Of those treated, three, former Russian spy Sergei Skripal, his daughter Yulia, and a British police officer who came to their aid, remain hospitalized.

“The use of a nerve agent on British soil is a brazen and reckless act,” British Home Secretary Amber Rudd told Parliament. “This was attempted murder in the most cruel and public way.”

Skripal and his daughter were found unconscious on a bench on Thursday and authorities have not named the nerve agent that was used.

The Russian embassy in London, which has denied its nation’s involvement, agreed with Rudd.

“First evidence then conclusions on Mr. Skripal’s case. Responsible political approach,” it said.

Counter Attack.

British authorities have not said what their response would be if they discover what the majority of Western intelligence agencies believe, i.e. that Russia is responsible for the attack.

“Russia does seem like the most likely story, given what we know both of the background of this case … given the track record in the state of the relationship, the fact that we have seen things like this before,” director of the Russia Institute at King’s College London, Sam Greene, told Sky News.

But that does not mean the attack was ordered by the Kremlin, or Russian President Vladimir Putin, directly.

“A lot of these things are being done by people operating at sort of an arm’s length’s distance from the command and control structure,” Greene told Sky News.
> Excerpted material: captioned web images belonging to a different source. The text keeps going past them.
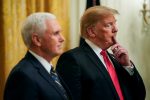 US President Donald Trump stands with US Vice President Mike Pence at the White House in Washington, US, 14 January 2019 (Photo: REUTERS/Joshua Roberts).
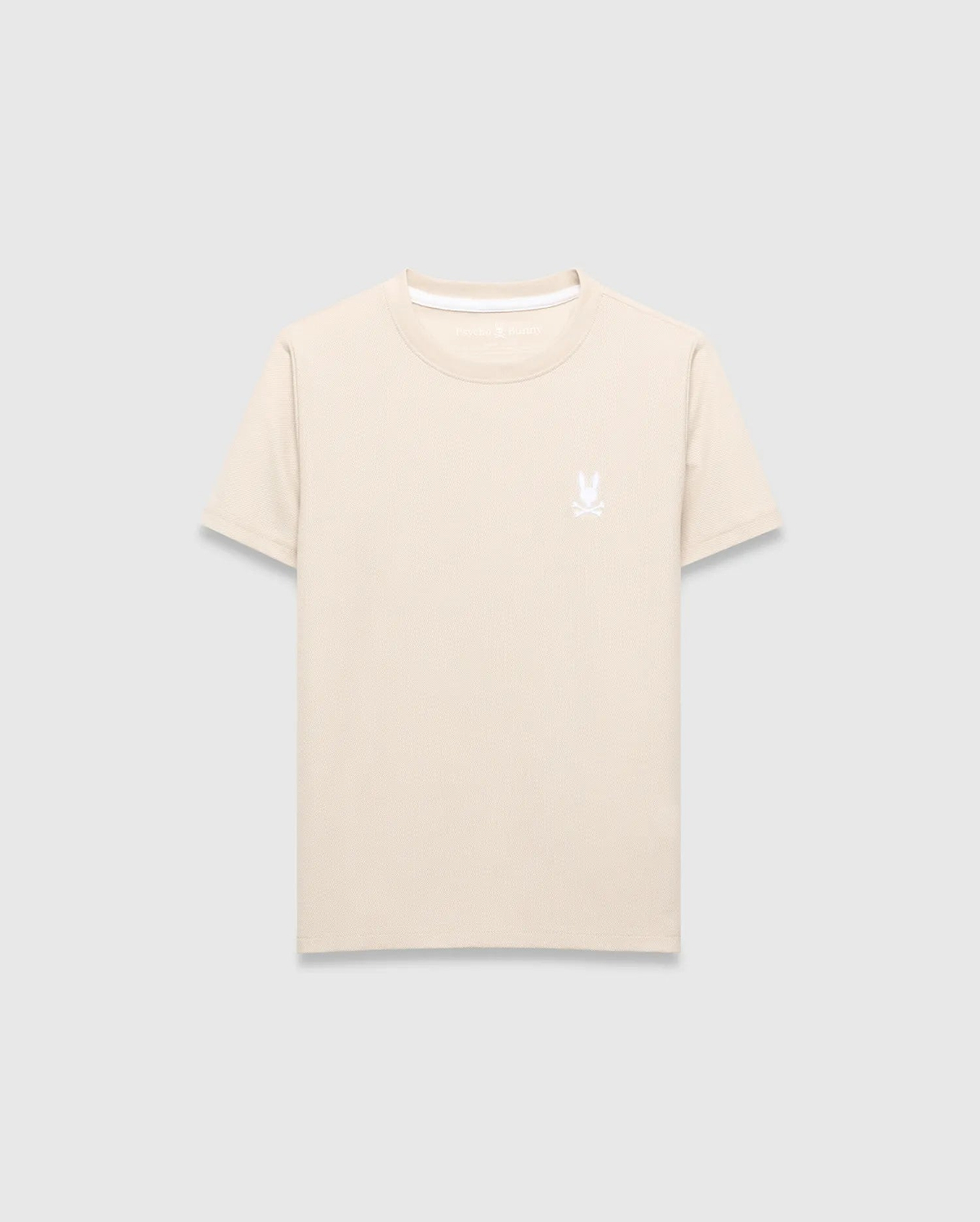 Kids Taylor Pique Tee in light beige, featuring a classic fit and pique fabric texture. It has a small, embroidered white Psycho Bunny skull logo on the left chest and a white accent trim on the collar.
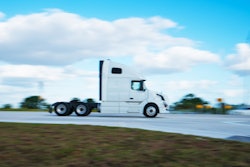 White tractor isolated against sky on highway
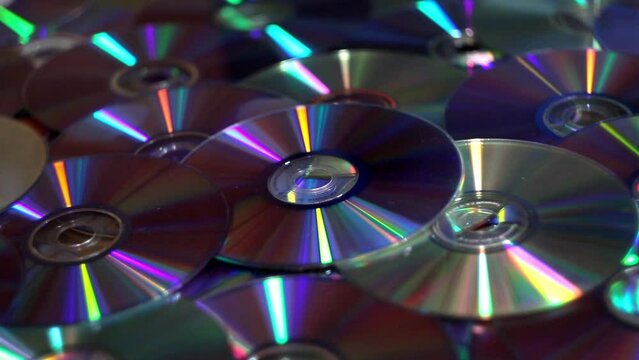 close-up a many compact discs with moving lights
It could be someone who wants to cause a conflict between Britain and Russia who committed this terrorist attack.

“It’s also possible there could be some troublemaker out there who wants to make it look like it was Russia,” chemical weapons expert Richard Guthrie said.

But attacking with nerve agents is not something that can be done simply by a person, or even a terrorist cell.

“Nerve agents are not materials that can be made at home,” University College London chemistry professor Andrea Sella, said. “Their level of toxicity is such that they are only to be manufactured in specialized facility.”